PoCってなんだろう?効果あるの?そんな風にお考えの方もいらっしゃるのではないでしょうか。


PoCとは「Proof of Concept」の略で、直訳すると「概念実証」という意味です。最近では「実証実験」という言葉とほぼ同義で使われています。


PoCなくしては、IoTやAIなどITシステムの導入を成功させるのは難しいと言っても過言ではありません。

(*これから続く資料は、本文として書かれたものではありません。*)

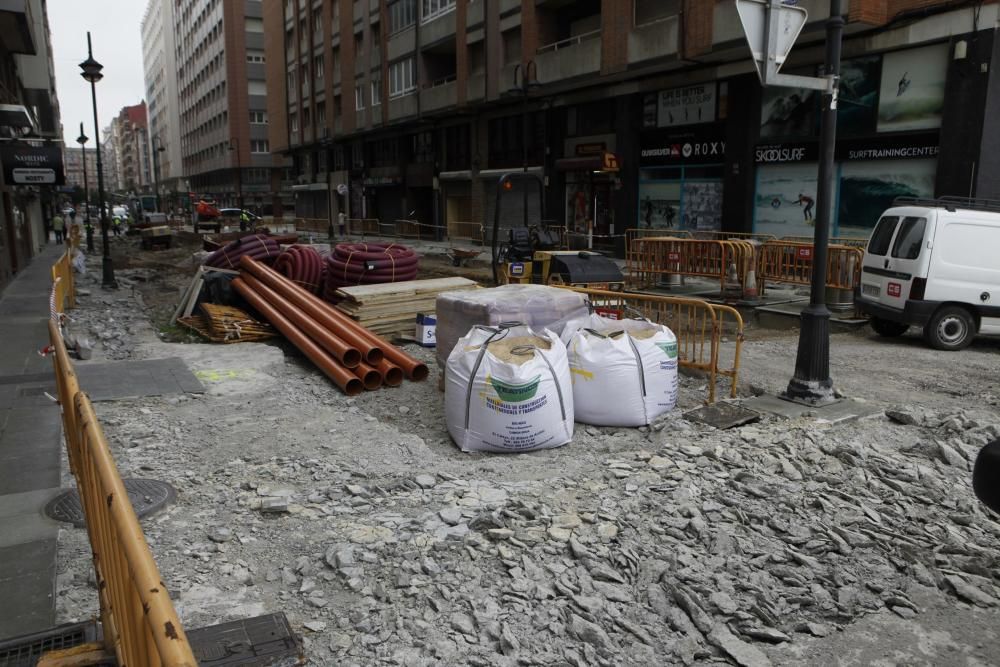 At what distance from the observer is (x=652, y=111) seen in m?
26.3

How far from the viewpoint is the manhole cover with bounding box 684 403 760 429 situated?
6934 millimetres

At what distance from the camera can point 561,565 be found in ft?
13.8

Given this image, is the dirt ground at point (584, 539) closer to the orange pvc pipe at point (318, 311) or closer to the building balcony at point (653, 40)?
the orange pvc pipe at point (318, 311)

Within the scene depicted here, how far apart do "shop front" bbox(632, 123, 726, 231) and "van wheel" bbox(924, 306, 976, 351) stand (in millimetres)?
13764

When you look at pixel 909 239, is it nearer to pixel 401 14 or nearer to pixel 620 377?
pixel 620 377

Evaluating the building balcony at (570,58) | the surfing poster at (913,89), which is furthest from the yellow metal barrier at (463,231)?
the surfing poster at (913,89)

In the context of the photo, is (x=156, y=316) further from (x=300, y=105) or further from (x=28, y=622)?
(x=300, y=105)

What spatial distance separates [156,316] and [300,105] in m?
48.7

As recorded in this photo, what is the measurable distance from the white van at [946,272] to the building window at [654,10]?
1580 centimetres

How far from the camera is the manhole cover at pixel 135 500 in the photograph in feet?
15.9

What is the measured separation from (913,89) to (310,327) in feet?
54.2

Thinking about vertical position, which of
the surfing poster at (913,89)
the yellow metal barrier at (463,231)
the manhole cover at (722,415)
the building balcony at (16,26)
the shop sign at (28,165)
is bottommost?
the manhole cover at (722,415)

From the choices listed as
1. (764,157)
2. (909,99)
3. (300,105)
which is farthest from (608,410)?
(300,105)

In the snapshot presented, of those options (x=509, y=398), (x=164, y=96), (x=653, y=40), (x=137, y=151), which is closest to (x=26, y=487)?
(x=509, y=398) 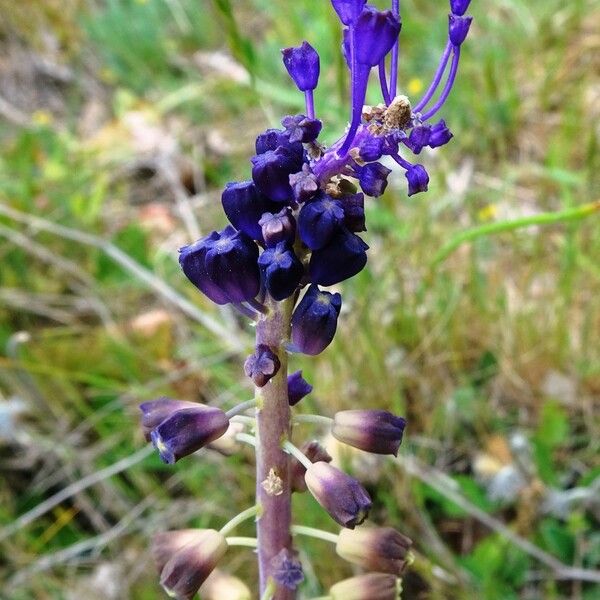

今回は、PoCの目的や進め方と、プロジェクトの中でのPoCの役割、さらにPoCを成功させるポイントについてもお伝えします。


<目次>


PoCとは?意味や概念について

改めて、PoCについてみていきましょう。 PoCが日本語でいう「概念実証」であること、現在では「実証実験」とほぼ同義であることは、すでにお伝えした通りです。PoCの目的は、新しいアイディアやソリューションを実際に試行し、企業として投資を行うかどうかの判断をすることです。 特にIT業界ではPoCが盛んに行われています。企業で導入するシステムは、億単位の高額な投資となることも。そのため、導入後の効果などを測定・評価してから投資判断に至ることが多数あります。特にIoTやAIなど、新しい領域のシステムを開発する時などは、PoC実施のメリットがあります。


PoCで何を検証する?

PoCで検証されるのは、主に次のような項目です。

  • 実現性

  • 効果とコスト

  • 具体性

一つずつ具体的にみていきましょう。

実現性

新しいシステムが技術的に実現可能かどうかは、誰もが気になるところです。要件を整理し、企画をいくら練っても実際に作って動かしてみないとわからないことはあります。大きなプロジェクトになればなるほど、想定しきれないことが起こりやすくなります。絵に描いた餅にならないようにPoCで実現性を試してリスクを小さくします。 例えば、IoTセンサーが実際の環境で想定通りデータを拾えるか、実際の環境で電波が正常に届くかなどといった内容が、実現性についての検証です。 ノウハウがないとわかりにくい内容が含まれることも多いため、PoC開始前の段階から技術者を参画させて進めることが重要です。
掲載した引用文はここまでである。